Define a different training strength by a different heart rate zone. It can be divided into six levels from low to high. Each training strength has its training effect and meaning, which can bring you a different benefit in your training program.

Strength E

  • Training purpose: Increase your aerobic capability and train your basic physical capability
  • Course example: Running with E-strength for one hour
  • Self-feeling: Easy with natural breathing; the speed that you can chat with your friend easily
  • Strength M

  • Training purpose: To simulate the contest strength; the pace to get used to a long-distance running
  • Course example: Running with M-strength for 30 minutes
  • Self-feeling: slightly tough, breathing becomes deeper but not to the level of breathless. You can still sustain for a rather long period of time.
  • Strength T

  • Training purpose: To stimulate the lactate threshold and strengthen the lactate removal capability
  • Course example: Four rounds of Strength T for 5 minutes, 1 minute for rest between each round
  • Self-feeling: Tough, beginning to breathe quickly. This training will give you a "joyful" feeling. Specifically, lactate will start to accumulate causing your muscle to feel swollen and painful during training. Nonetheless, it gives you a joyful feeling after training.
  • Strength A

  • Training purpose: Increase the anaerobic endurance and train the anti-lactate capability.
  • Course example: Four rounds of Strength A for 5 minutes, 3 minutes for rest between each round.
  • Self-feeling: Pretty tough, breathing heavily, but still can control your rhythm, it is nearly out of breath and hard to speak out when running is finished.
  • Strength I

  • Training purpose: Stimulate the maximum oxygen intake, strengthen the aerobic capacity.
  • Course example: Six rounds of Strength I for 800m, 3 minutes for rest between each round.
  • Self-feeling: Very tough, it is nearly out of breath at the end of each round. Normally you would feel you cannot make it to the end of the exercise. This is the training course with the highest pain indicator among the five training courses.
  • Strength R

  • Training purpose: To strengthen sports economy, anaerobic capability.
  • Course example: Six rounds of Strength R for 15 seconds, 1 minute for rest between each round.
  • Self-feeling: Movement is light and fast.
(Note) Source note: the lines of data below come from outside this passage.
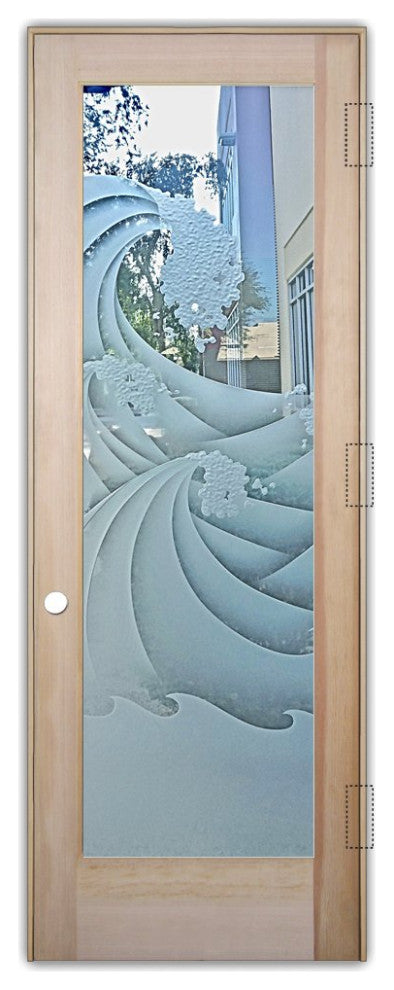 Interior Prehung Door or Interior Slab Door - High Seas - Douglas Fir (stain...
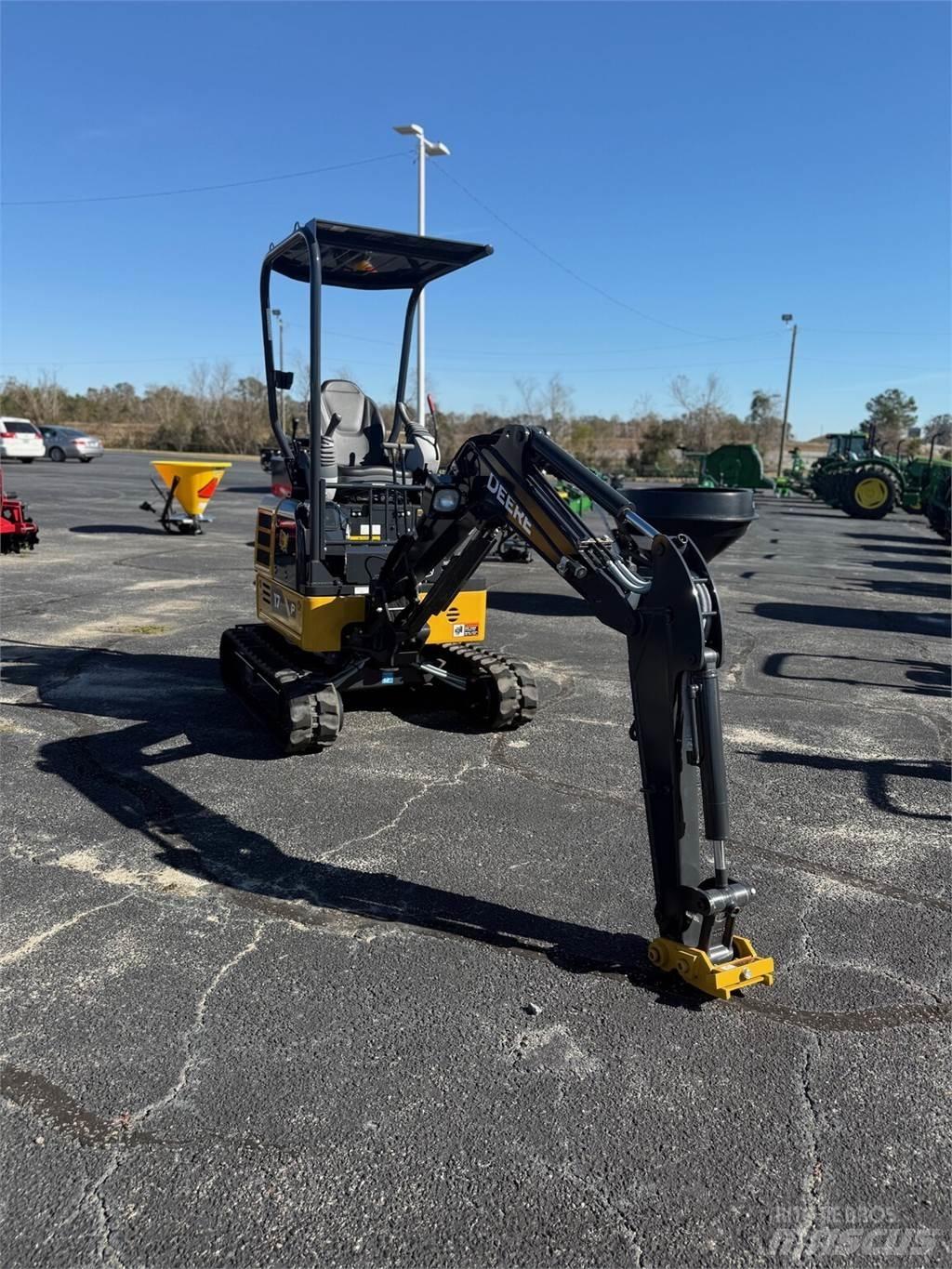 John Deere 17 P Mini excavadoras < 7t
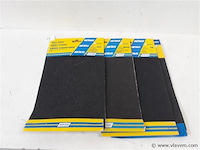 4 x schuurpapier op doek mix korrels 3 vellen - afbeelding 1 van  2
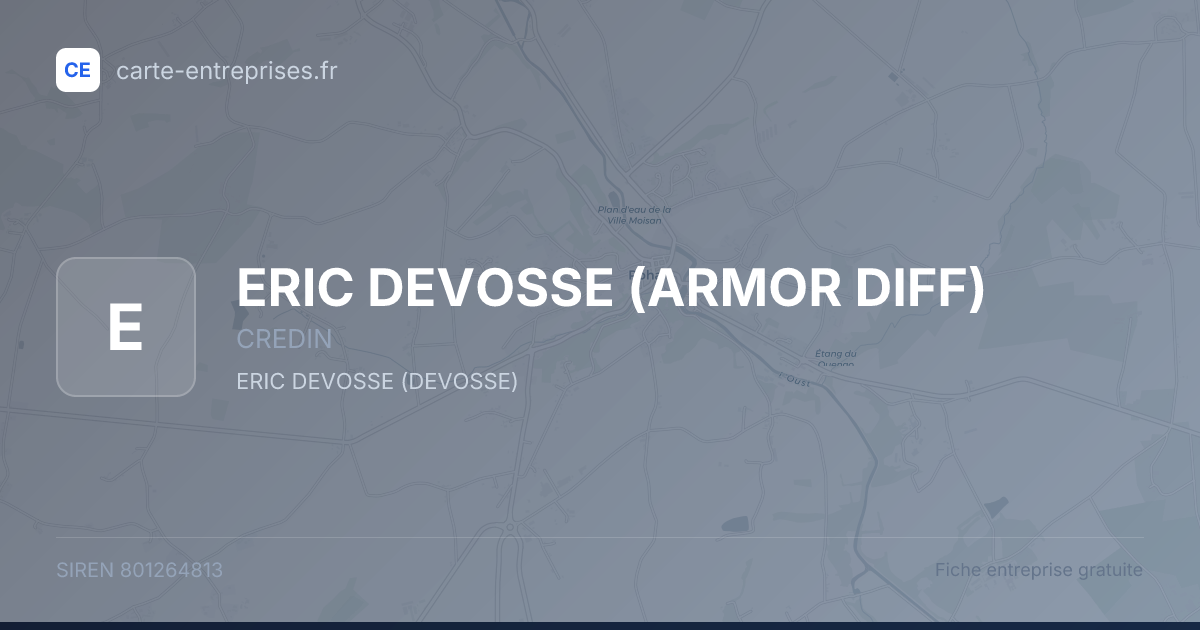 ERIC DEVOSSE (ARMOR DIFF) — 801264813 — fiche entreprise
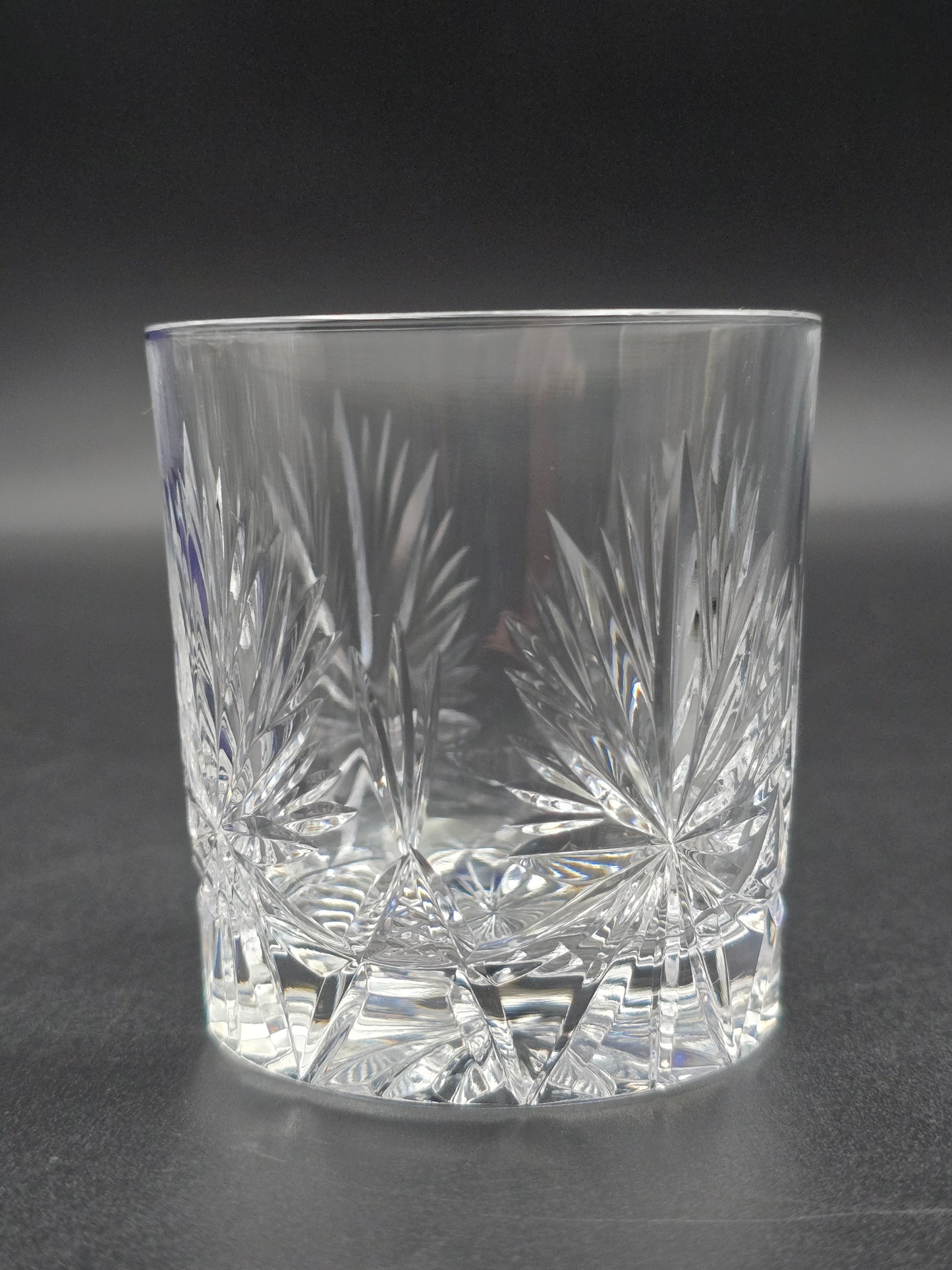 Set of 4 Edinburgh Crystal Star of Edinburgh pattern 7oz Tumblers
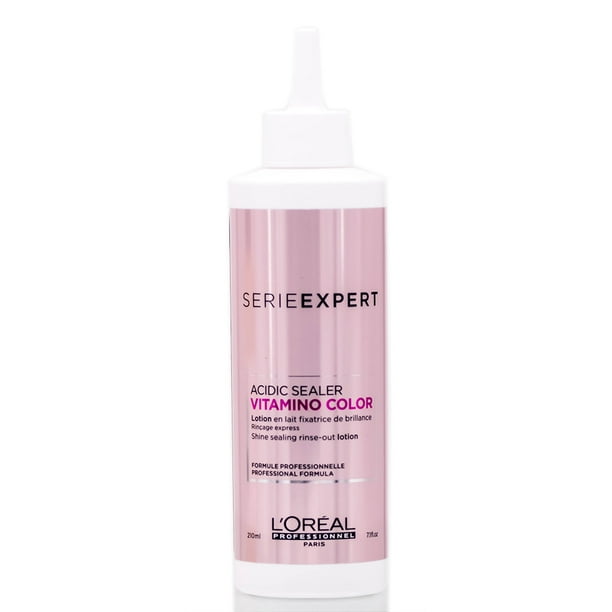 L'Oreal SerieExpert Acidic Sealer Vitamino Color Rinse-Out Lotion oz L'Oreal SerieExpert Acidic Sealer Vitamino Color Rinse-Out Lotion oz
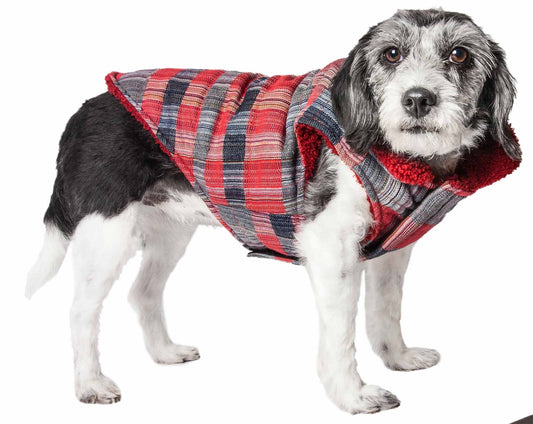 Tartan Classical Plaided Insulated Dog Coat Jacket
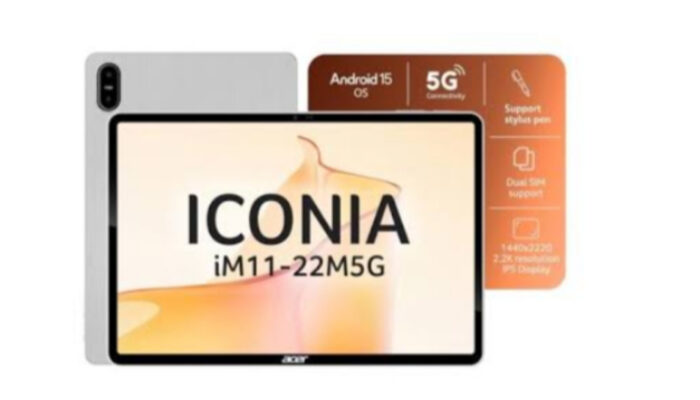 Acer Iconia iM11 5G Resmi Meluncur: Tablet Canggih Harga Terjangkau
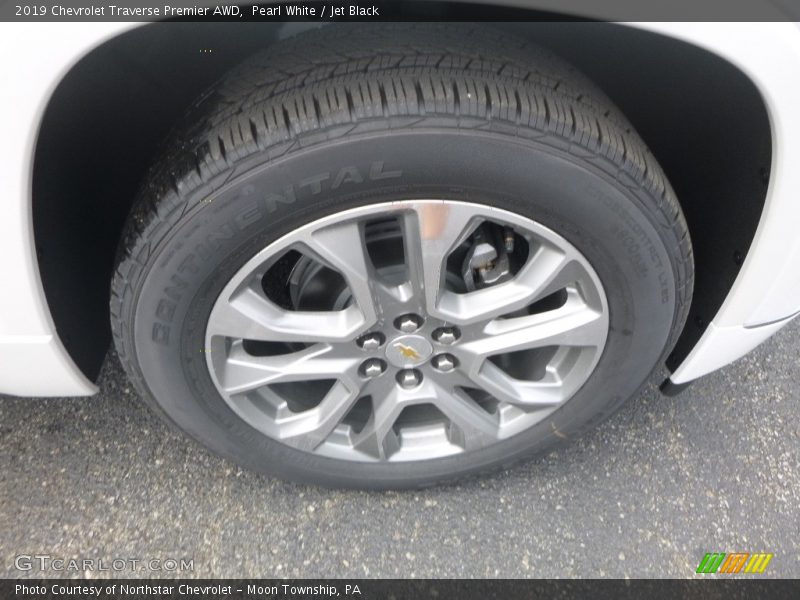 Pearl White / Jet Black 2019 Chevrolet Traverse Premier AWD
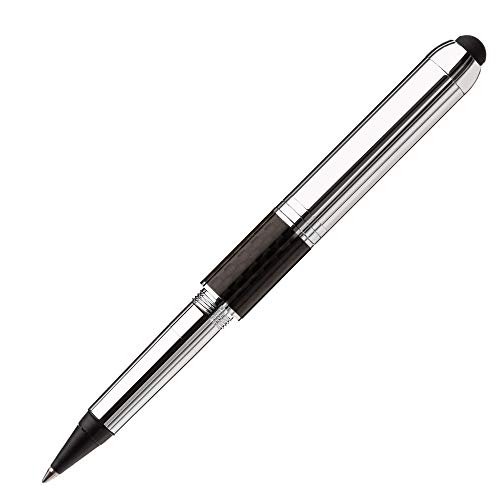 Stempel-Kugelschreiber Heri Promesa Stamp & Touch Pen 85300 Rollerball custom silber von STEMPEL-FABRIK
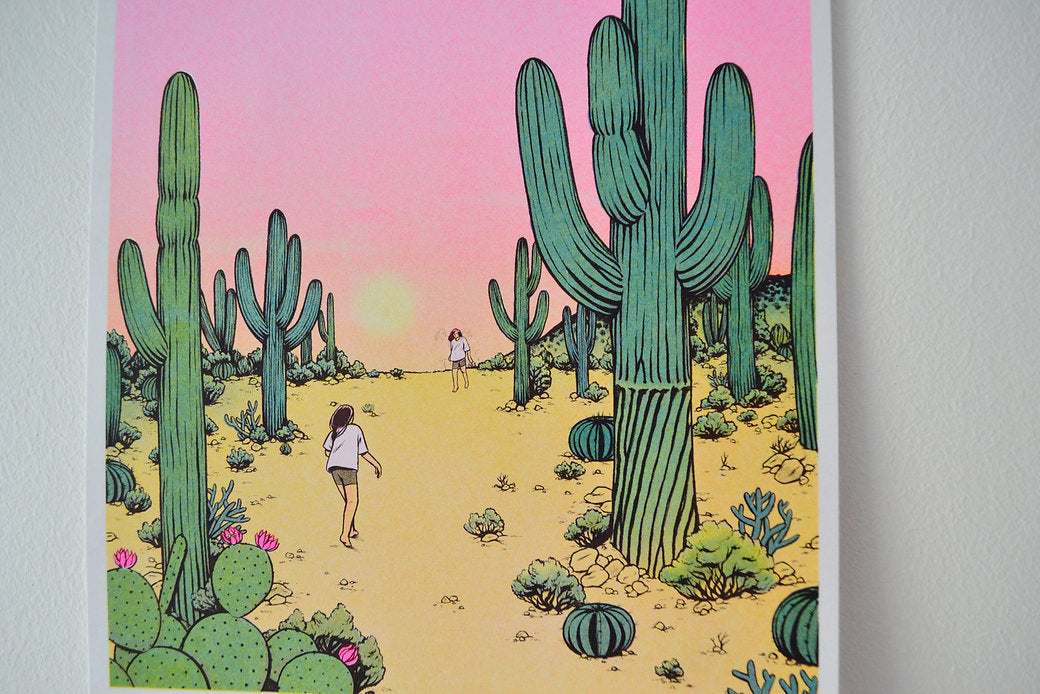 Mirage Risograph Print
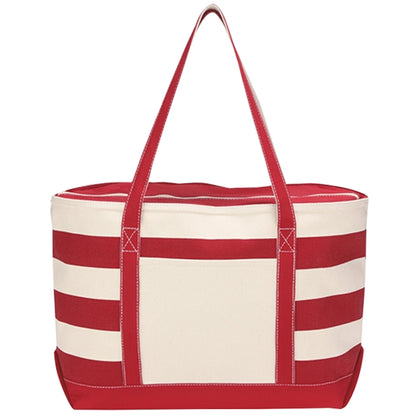 Budget Custom Cotton Nautical Tote Bag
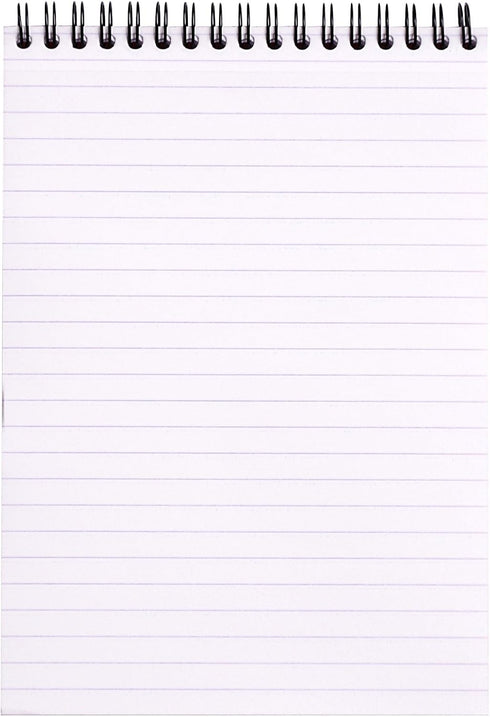 Rhodia Wirebound Notepad - Lined, 80 Sheets, Black Cover, 6 x 8 1/4 - Pack of 1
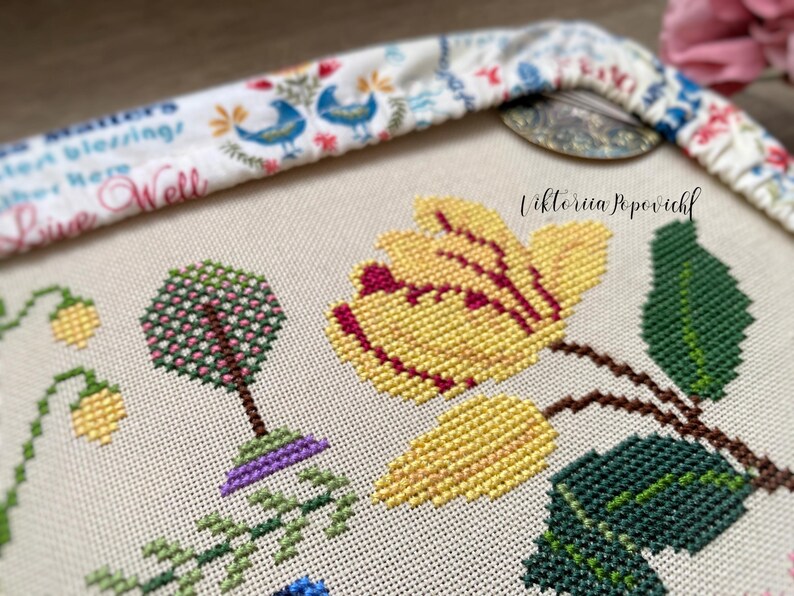 Metamorfose de Marie Berger Sampler por MilleFleur, padrão em PDF, padrão de ponto cruz, gráfico digital, gráfico eletrônico, geração não-IA imagem 11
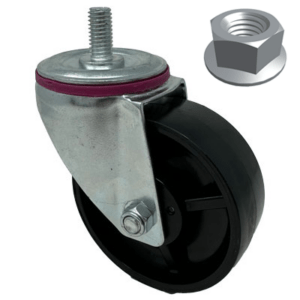 5263-4-LN | 4" Caster Assembly w Lock Nut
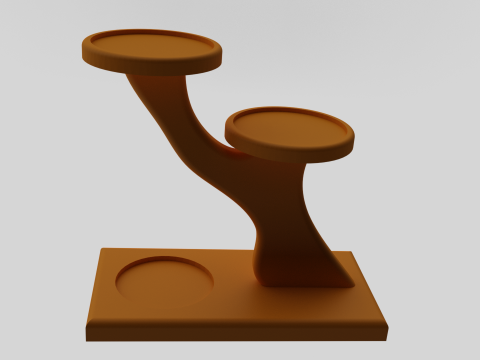 Decorative Succulent Planter Stand 3D Print Model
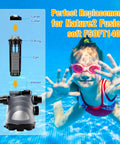 Diagram of Replacement Cell Kit For Nature2 Fusion Soft FSOFT1400 Compatible Electrolytic Cell And O Ring in pool setting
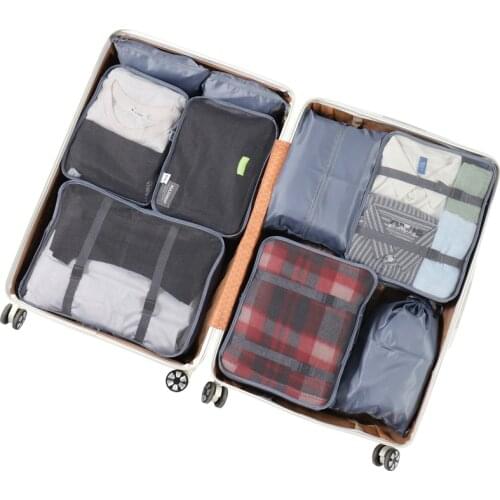 9pcs clothes Organizer suitcase Luggage Packing Set Travel Storage Bag clothing storage bag Organizer for Clothes Underwear
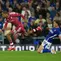Pemain Liverpool Bradley Barcola (kiri) berebut bola dengan pemain Ipswich Town Dara O'Shea dalam laga Premier League Inggris antara Ipswich vs Liverpool di Ipswich, Inggris, Jumat, 4 September 2026. (AP Photo/Dave Shopland)
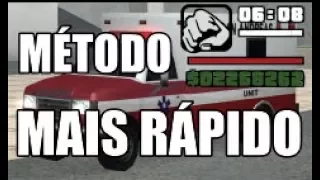 Jeito mais rápido de fazer missão de paramédico no GTA San Andreas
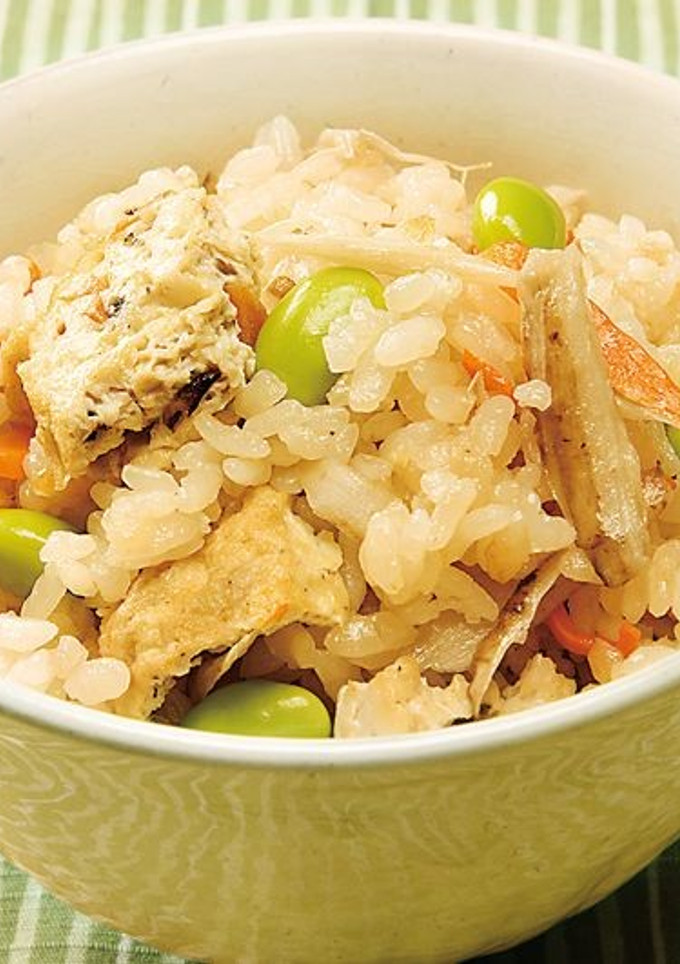 枝豆がんもの炊き込みご飯-レシピのメイン写真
Breathe a little bit quickly when it is finished. Though the speed is fastest, the training duration is very short, you won't feel too tired after exercise.
  • VO2 Max

    Oxygen consumption by the body in each minute and each kilogram of weight during exercise (mL/min/kg), which refers to the maximum oxygen amount consumed or used by the organ cells when a person engages in the most vigorous exercise at the sea level. If a runner were a car, the maximum oxygen intake is like the maximum air intake for the engine, which is an important indicator to assess good or bad of the aerobic physical capability.

    Lactate Threshold

    The lactate threshold is like a watershed between the aerobic and anaerobic exercises. When below this threshold, the body is mainly based on aerobic metabolism while above this threshold, the body is changed to be based on anaerobic metabolism. It is a critical indicator for maintaining long-time high-strength aerobic exercise. By collecting enormous amount of running pace data via the running meter, it is possible to estimate your lactate threshold. Recommended Pace T and Heart Rate T can directly apply to your Strength T running training.

    * For the running physical capability indicator - the detailed context of the energy system, it is quoted from Xu Kuo Fong's "Critical data a runner should know" Table 2.2 Strength zone summary on P. 42 by Faces Publishing Co., Ltd.